この、有坂氏の言う「三四呂の新しい技法と題材」とは何であったのか、今回は、これを主題に三四呂人形の魅力の原点を探って見たいと思います。
ご存知のように、従来、三四呂人形は張子の技法で作られたとされてきました。張子と言えば、伝統的な達磨があり、昔から次のような工程で作られていました。
「木型を作り、これに和紙を重ね張りし、和紙が乾燥したところで割って木型を抜き、割った和紙型(凸)を張り合わせ、ご粉を塗って着色して仕上げる」。
三四呂人形の製作工程も、同じだったのでしょうか。その答えは否です。三四呂人形の張子技法の新しさは、発想の逆転にありました。「木型で原型をしっかり作り石膏で凹型にとワ、和紙はこれに内側から重ね張りし、乾いたところで石膏から外し、取り出した張子を合わせガンピ紙を張り、淡彩を施して仕上げる」。
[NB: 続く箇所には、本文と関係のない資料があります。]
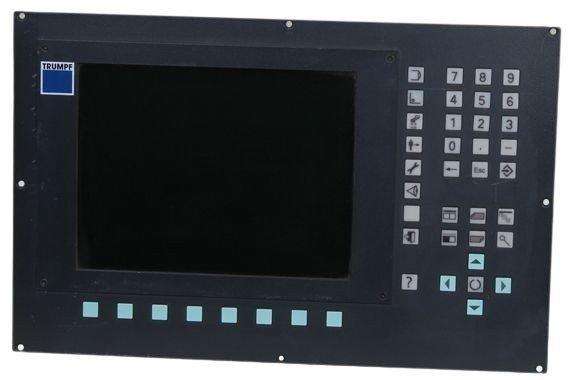 6FC5203-0AF52-0AA0, REPARATUR: REP. SIEMENS SINUMERIK BEDIENTAFELFRONT 12,1 TFT, BREITE 19 LAYOUT FA. TRUMPF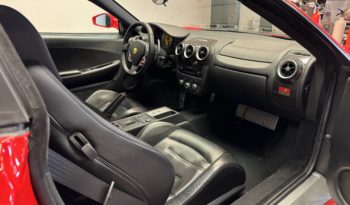 FERRARI F430 – V8 4.3 – F1 – 490 CH plein
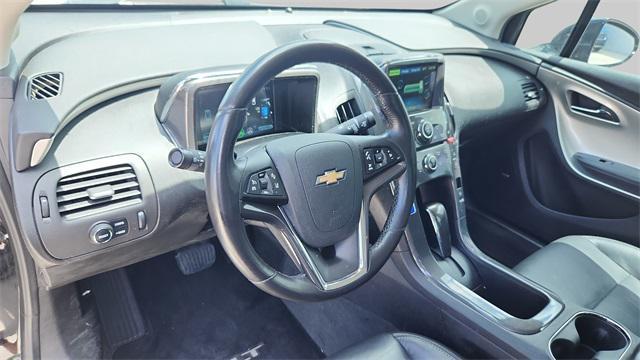 used 2014 Chevrolet Volt car, priced at $10,000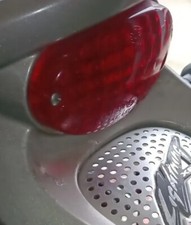 Buell xb 12 9 s xb12s xb9s lightning stt ss sx Rear Back Light Fanale Posteriore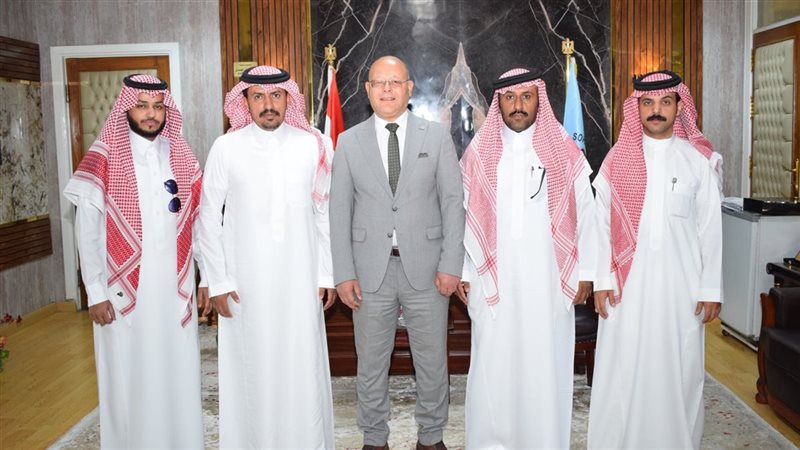 جامعة سوهاج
つまり、三四呂張子の場合は、和紙の張り方が伝統的な方法とは逆に、型の内側からの重ね張りでした。こうすることによって、出来上がった張子の肌に原型の持ち味がそのままに現れ、かつ和紙の持つ柔らかな風合いも生かされたからでした。
技法のほか、三四呂の新しさは素朴で、生き生きと遊んでいる子供の姿をテーマにした点にありました。
三四呂人形が作り出す無類に愛らしいメルヘンの世界は、このように生み出されたものです。